Locate "韩熙防晒霜60克韩熙防晒霜60g益若翼防晒霜喷雾隔离防紫外线修护晒后" in the listing. Transcribe the line that contains it and every line that follows, through the last, omitting all pictures.

> _GIVEN MATERIAL_
....

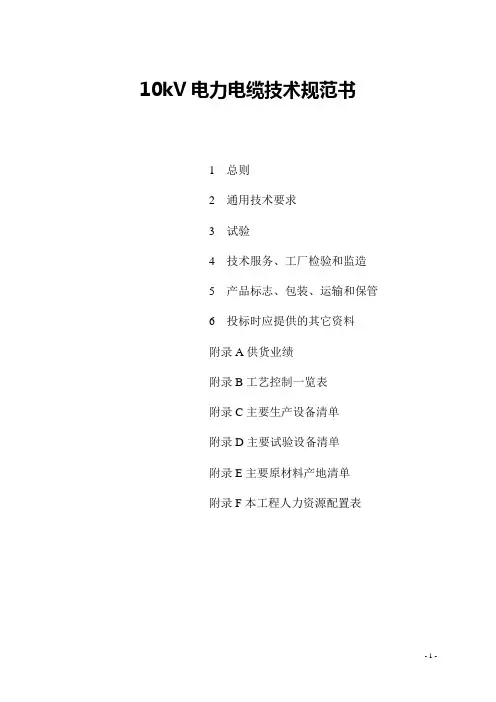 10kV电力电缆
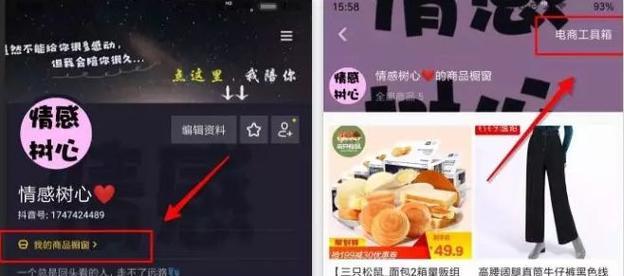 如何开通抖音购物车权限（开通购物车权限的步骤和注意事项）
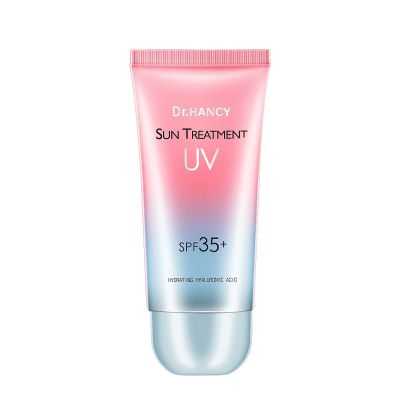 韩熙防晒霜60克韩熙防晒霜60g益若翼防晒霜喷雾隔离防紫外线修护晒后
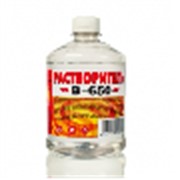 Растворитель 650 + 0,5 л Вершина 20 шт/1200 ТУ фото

....

> _EXPECTED ANSWER_
 韩熙防晒霜60克韩熙防晒霜60g益若翼防晒霜喷雾隔离防紫外线修护晒后
 Растворитель 650 + 0,5 л Вершина 20 шт/1200 ТУ фото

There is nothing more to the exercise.